Me: no his hearing is fine
A lot of people don’t know this but Hotel sheets aren’t tucked in tight. It’s actually the bed bugs playing a lil game of tug of war with you
The seven new planets cause havoc with your readings. There is nothing but chaos and pain and, for some reason, hot singles in your area.
black friday is crazy, I just maced a kid then some old woman shot me with a crossbow
the Baltimore subreddit never disappoints me
wait did that Australian guy say “meteorite” or “mate are ya alright?”
*gets hit by a meteorite*
“hey mate are ya alri… no you’re dead*
My spirit animal is this kid at my son’s football practice that just stands and cries every time he’s told he has to run
HR says that we are no longer able to say to anyone “if ignorance is bliss you must be such a happy person” even if we smile as we say it.
Who do atheists pray to when figuring out their child’s online school schedule?
*Abandons ship*
*Ship gets adopted*
*Tracks down ship in adulthood*
*Ship is happy and wants nothing to do with me*
Exorcist came by. Says house isn’t possessed, just incredibly poorly built.
Kangaroo 911: What’s your emergency?
Kangaroo: I CAN’T FIND MY CHILDREN
Kangaroo 911: Did you check your pockets?
Kangaroo: Oh nevermind
Just because you have boobs doesn’t mean you’re better than I am. Unless you’re a woman.
[puts hand on wife’s stomach as baby kicks]
Come out here & try that.
waiter: any water for the table
me: [to date] does he not know trees die when you cut them down or
Crime tip: commit all your crimes in space NASA is not the space police there are no laws up there you will not go to jail
I just watched Bug’s Life and cried the whole time I mowed the lawn.

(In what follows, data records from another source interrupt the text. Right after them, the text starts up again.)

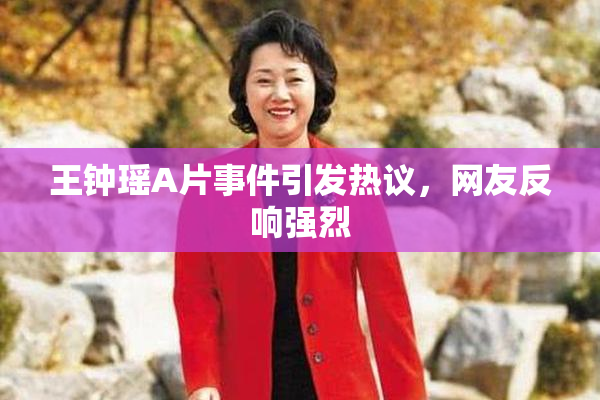 王钟瑶A片事件引发热议，网友反响强烈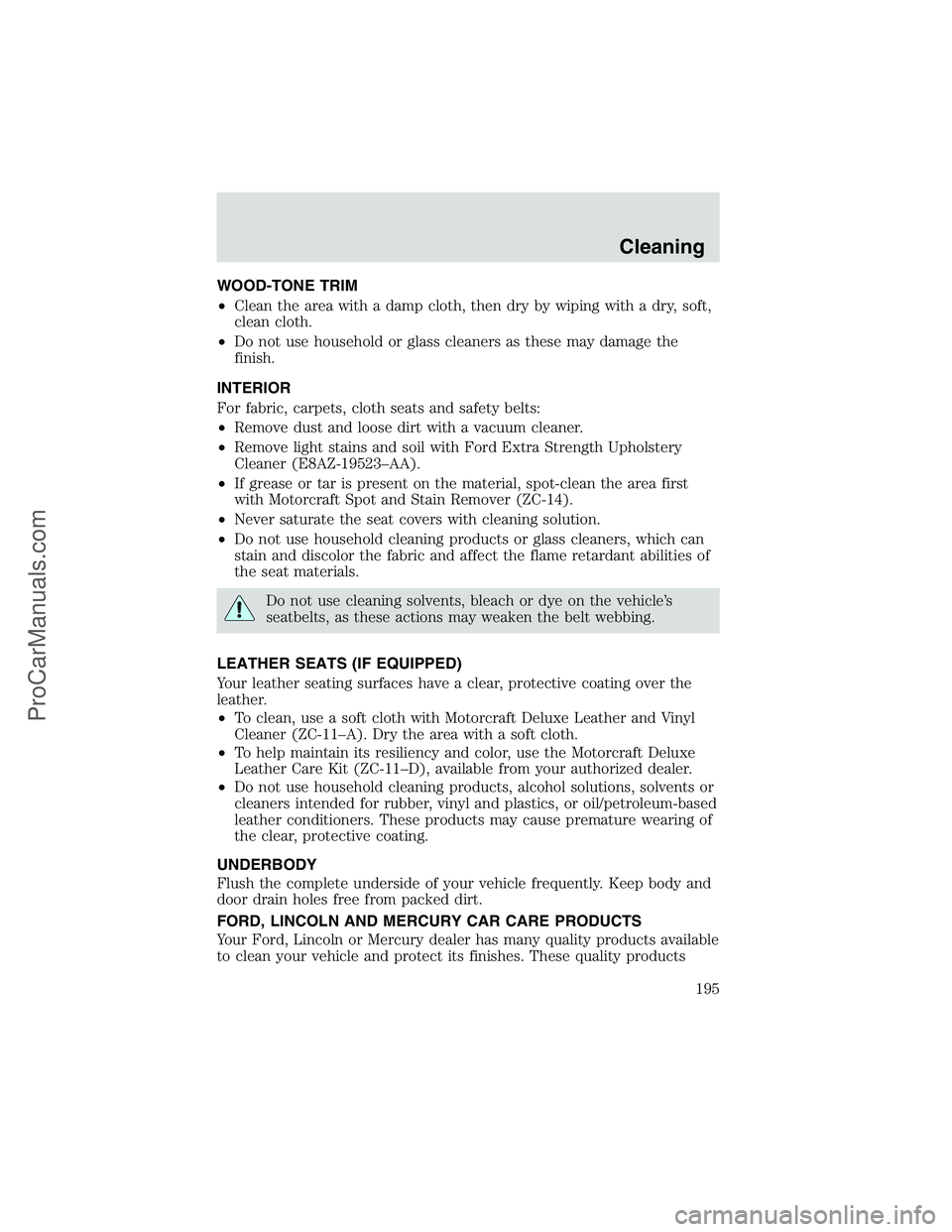 FORD E-450 2002  Owners Manual WOOD-TONE TRIM
•Clean the area with a damp cloth, then dry by wiping with a dry, soft,
clean cloth.
•Do not use household or glass cleaners as these may damage the
finish.
INTERIOR
For fabric, car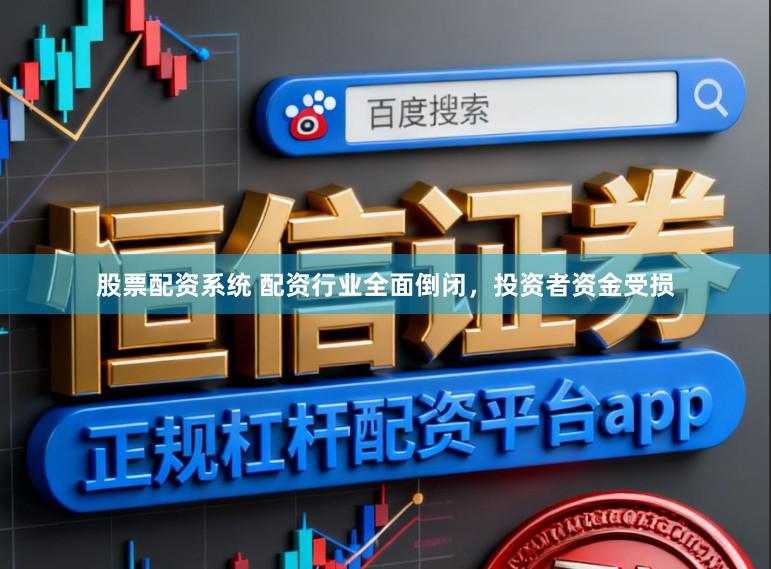 股票配资系统 配资行业全面倒闭，投资者资金受损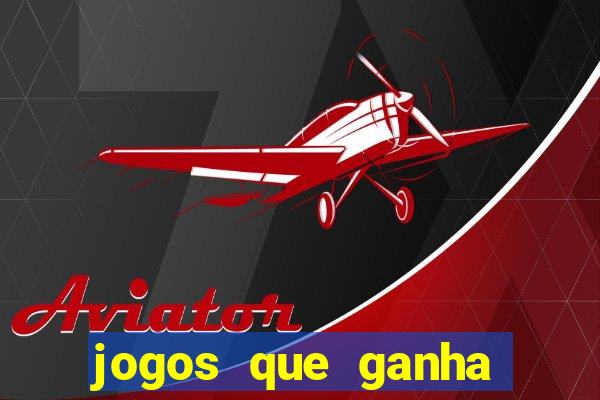 jogos que ganha dinheiro de verdade sem precisar depositar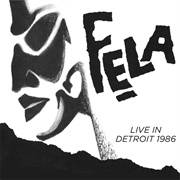 Live in Detroit 1986 - Fela Kuti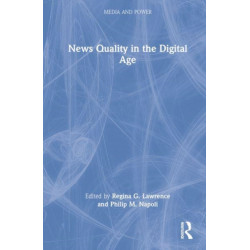News Quality in the Digital Age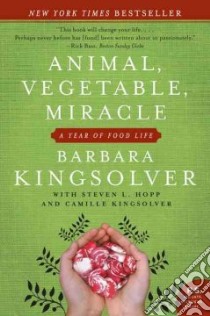 Animal, Vegetable, Miracle libro in lingua di Kingsolver Barbara, Kingsolver Camille, Hopp Steven L., Houser Richard A. (ILT)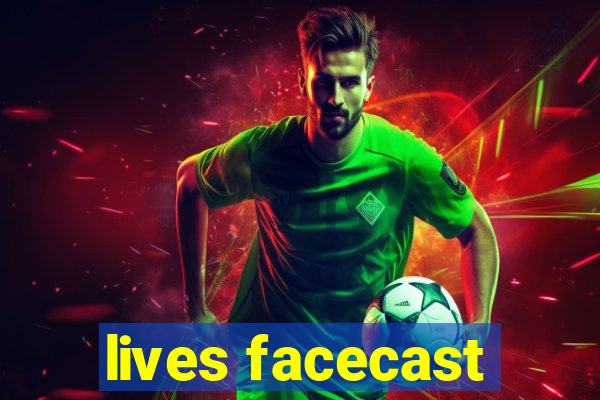 lives facecast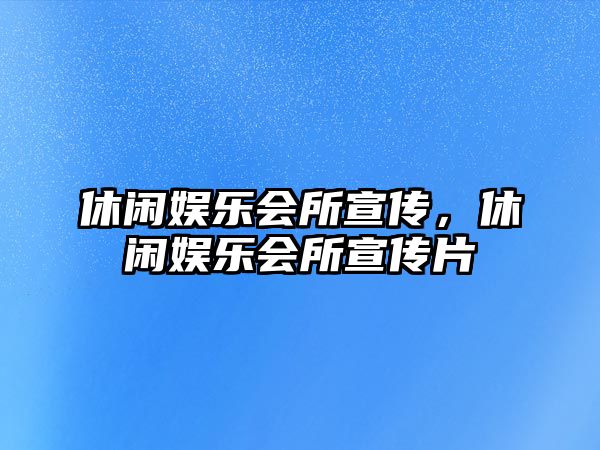 休閑娛樂(lè )會(huì )所宣傳，休閑娛樂(lè )會(huì )所宣傳片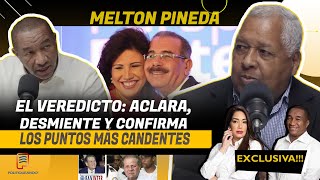 MELTON PINEDA ARMA LÍO CON LOS SECRETOS QUE REVELA Y LAS PRUEBAS QUE DICE TENER EN POLITIQUEANDO RD [upl. by Yemorej709]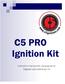 C5 PRO Ignition Kit. Instruction manual with visual guide for Magneto style distributor kit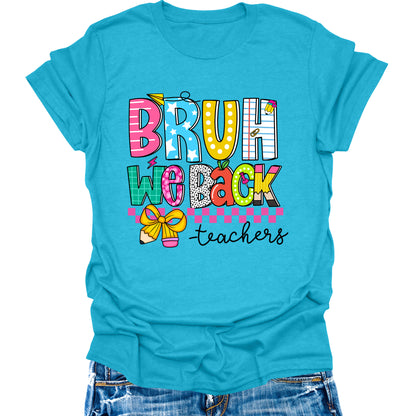 Bruh We Back T-Shirt Teacher Shirts Back to School Cute Graphic Tee Short Sleeve Tops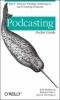 Podcasting Pocket Guide (Paperback) - Kirk McElhearn Photo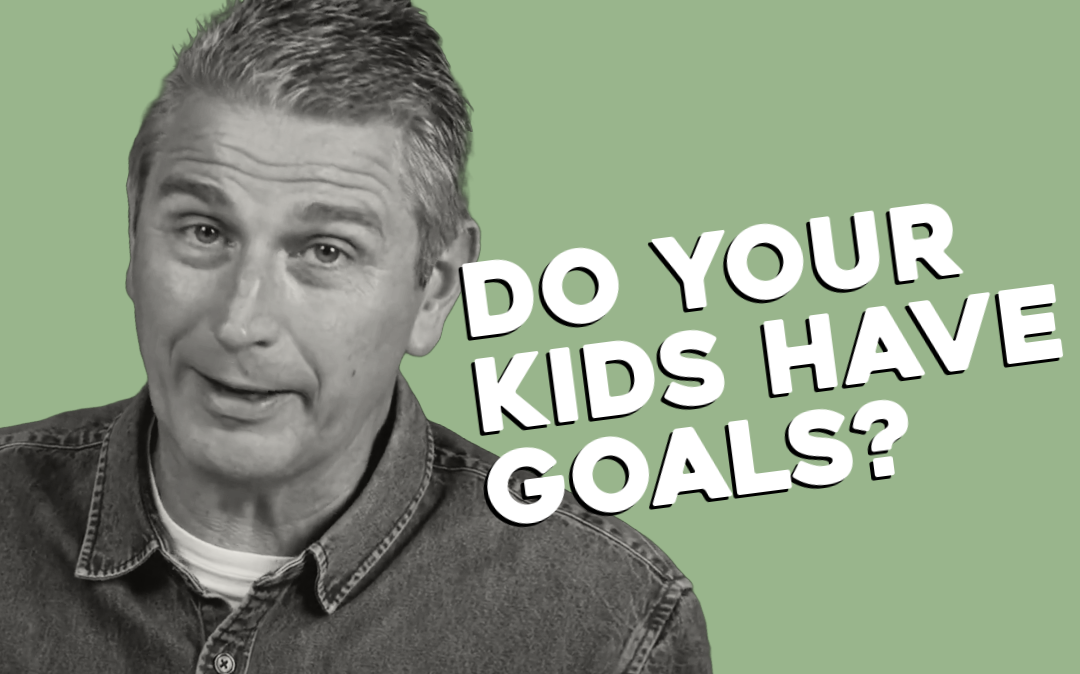 Do Your Kids Have Goals?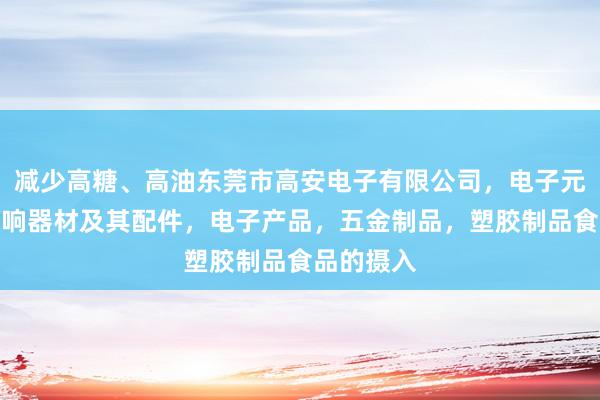 减少高糖、高油东莞市高安电子有限公司，电子元器件，音响器材及其配件，电子产品，五金制品，塑胶制品食品的摄入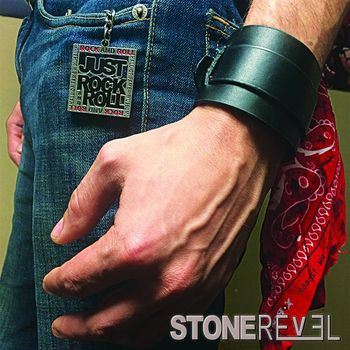 STONE REVEL | JUST ROCK N' ROLL (LOADED BOMB RECORDS) | PRO/REC/MIX/MAST

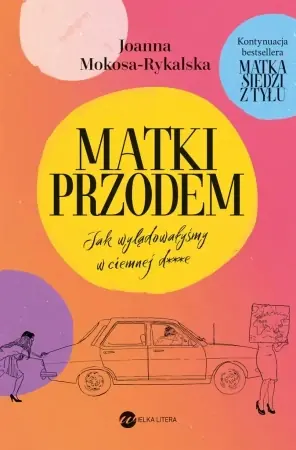 Niska cena Matki przodem. Jak wylądowałyśmy w ciemnej d***e - Joanna Mokosa-Rykalska
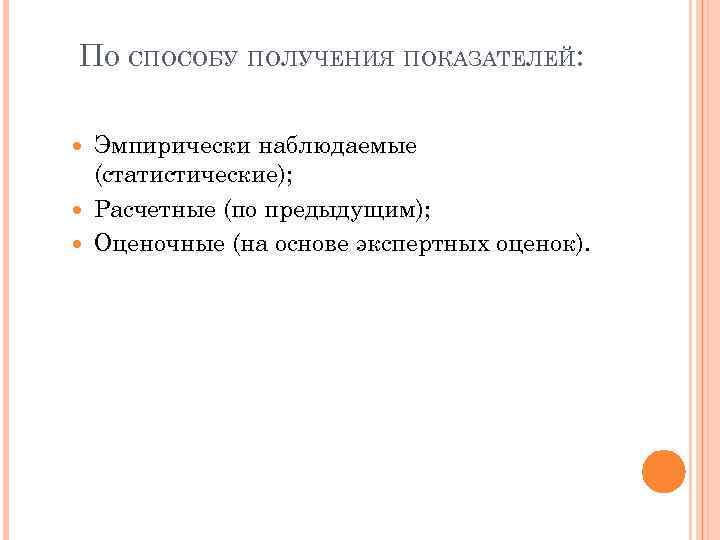 ПО СПОСОБУ ПОЛУЧЕНИЯ ПОКАЗАТЕЛЕЙ: Эмпирически наблюдаемые (статистические); Расчетные (по предыдущим); Оценочные (на основе экспертных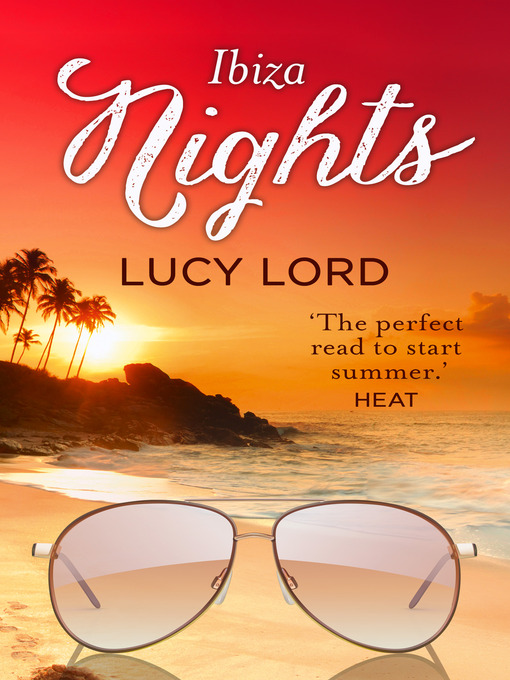 Title details for Ibiza Nights by Lucy Lord - Available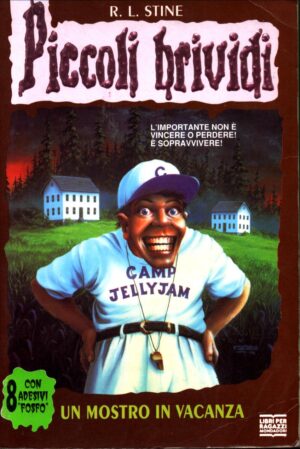 Un mostro in vacanza di Stine, R.L. - Piccoli brividi n. 33 1° ed. 1997 Mondadori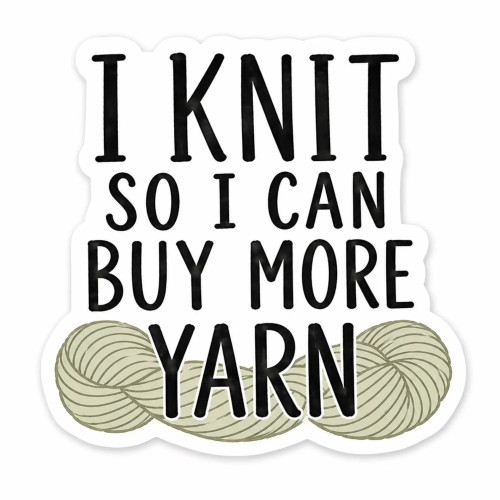 Shady Pines Vinyl Sticker (Buy More Yarn - Knit)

Me: My neck is a little stiff
Web MD: You’re in rigor mortis
Gramps’ head was chopped off by a helicopter blade and same with his dad and his dad before him. So no Rod, you can’t go to helicopter camp.
Turns out the button on the elevator with the fireman’s hat on it is not the button for a free fireman’s hat.
Guy just got on my flight wearing a t-shirt that reads “Spread cheeks, not hate” and it took me at least a minute to realize the shirt is referring to smiling.
[Zoo]
Visitor: “I like that cage labelled ‘World’s most dangerous animal’ and it’s just got a mirror in it”
Zookeeper: “Yup, thought-provoking stuff. *Whispering into phone* The leopard’s escaped again”
“Yeah, those black pants are okay. They just need a little something. Hang on..”
[rubs up against your leg] “that’s better”
-cats
If you do not brick up your chimney this year to keep Santa out, you’re not taking this virus very seriously.
Squirrels run around like they’re being chased. Nobody cares about you. You live in tree. Get a job
All I want is a tall, handsome guy with the wit of Deadpool who loves me like Westley, has moves like Antonio Banderas -in anything- the intellect of Sherlock, and the courage of a Viking.
An accent would be a bonus.I really don’t think that’s too much to ask.